[Mailman-Developers] Massive changes (Long)

Barry A. Warsaw bwarsaw@cnri.reston.va.us (Barry A. Warsaw)
Wed, 10 Nov 1999 12:31:40 -0500 (EST)


Folks, I have some rather massive changes to check into the CVS tree,
which I'm going to explain below.  Grab a cup of coffee and sit back.
:)

I should note that while I've done a lot of testing of this stuff, I'm
sure I've missed things.  I do not recommend using any of this on a
production system, but I would definitely appreciate another set of
eyes and hands taking a look.  I think I have a way to selectively
migrate lists to a new Mailman installation one at a time, so I will
try some of my test lists on python.org.  If all goes well, I may make
y'all guinea pigs in the next round of experiments :)

These changes were precipitated by the observation of occasional poor
performance, and the intermittent reports of duplicate messages.  I
actually gathered enough data on python.org that implicate Mailman's
built-in bulk mailer.  So I wanted to experiment with alternative
delivery strategies.  In the process I got a new Ultra2 for python.org
and decided it was time to play with a different MTA, so I sucked down
Postfix and installed it instead of sendmail.

What I wanted was an architecture that would let us drop in different
delivery schemes easily, so that we could experiment with the best,
and also so sites could easily add whatever delivery machinery made
the most sense for them.  I strongly suspect that no one scheme that
Mailman coudl bundle will be right for everyone.

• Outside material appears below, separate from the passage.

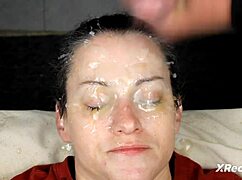 another bukkake facial compilation drowns brunette in cumshots!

For a while now, I've hated the tangle of code that gets called when a
message is being delivered.  So I've essentially ripped all that out
for an architecture that I've talked about to a few people already.
The idea is that when a message comes into the system, it is handled
by a "pipeline".  In Python terms, the pipeline is simply a list of
modules, all of which have a function called `process' that takes two
arguments: a MailList instance and a Message instance.  MailLists you
know.  Messages are a subclass of rfc822.Messages with a little bit of
extra stuff for convenience.  Since rfc822.Message now supports a
writeable interface, I was able to get rid of Message.IncomingMessage,
Message.OutgoingMessage, and Message.NewsMessage.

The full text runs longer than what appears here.